Men on Horses, Redefined

European cities are replete with them: statues of generals, kings, emperors astride a horse. While no doubt it was flattering for the personages in question to see themselves thus glorified, to later audiences these statues all look much alike and are not really that interesting – a fact that one of the contributors to our website video took note of when he sarcastically defined culture as “a bunch of boring statues of men on horses.”

In Glasgow, one such statue burst well out of the constraints of boredom. It inspired first a fun tradition, and later a near civil society uprising, to stand today in renewed and updated punk glory as a symbol of city and citizenry.

The statue in question featured the Duke of Wellington.
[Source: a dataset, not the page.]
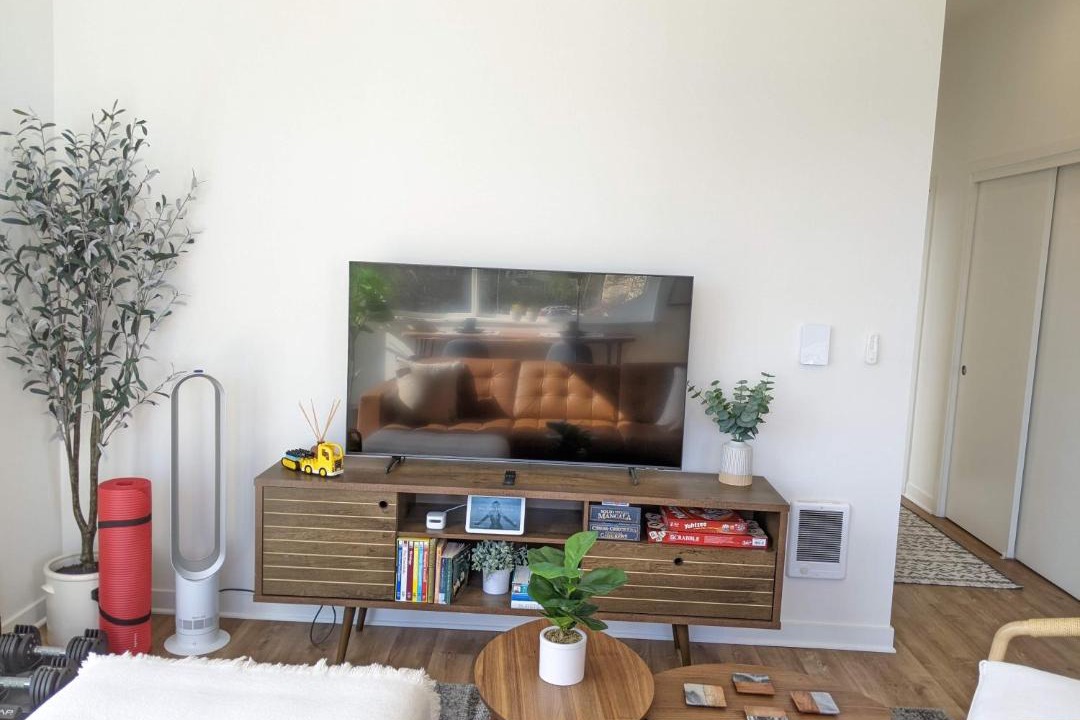 Photo of Livingroom in Wallingford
Late one Scottish evening, a group of Scottish students, returning home from ample drinking, decided to perk up the statue by placing an orange and white striped traffic cone on its head. The next day, the city cleanup crew removed the disrespectful token, but it was too late – a tradition had been born. Soon it became ritual – on your way home from the pub with your pals, you found a traffic cone and plunked it atop the Duke of Wellington, from where it was removed by the street cleaning crew. City authorities soon tired of the game, however. In just one year, they had been obliged to remove the cone on 100 separate occasions, which they might have taken as a sign of citizen resolve but instead chose to see as a civic annoyance. They came up with an idea. They would raise the statue, placing it high on a plinth to deter the drunken merrymakers. The drunken merrymakers, however, got wind of this and soon all of Glasgow knew that 65,000 pounds of their tax money had been allocated to the important cause of lifting the Duke of Wellington beyond traffic cone range. Within hours, a petition to stop this plan – to “Save Wellington’s Cone”as the movement called itself – was well into the multiple thousands of signatures. As the petition explained:

“The cone on Wellington’s head is an iconic part of Glasgow’s heritage, and means far more to the people of Glasgow and to visitors than Wellington himself ever has. Raising the statue will, in any case, only result in people injuring themselves attempting to put the cone on anyway: does anyone really think that a raised plinth will deter drunk Glaswegians?”

The logic was unanswerable, the momentum unstoppable, and the city authorities not only capitulated, but have since made their peace with the new aesthetic. Today, you can buy postcards, pins, T shirts and many other souvenirs all featuring the Duke in the traffic cone, his statue is one of the most popular photo-op destinations for tourists and an official stop on all city tours.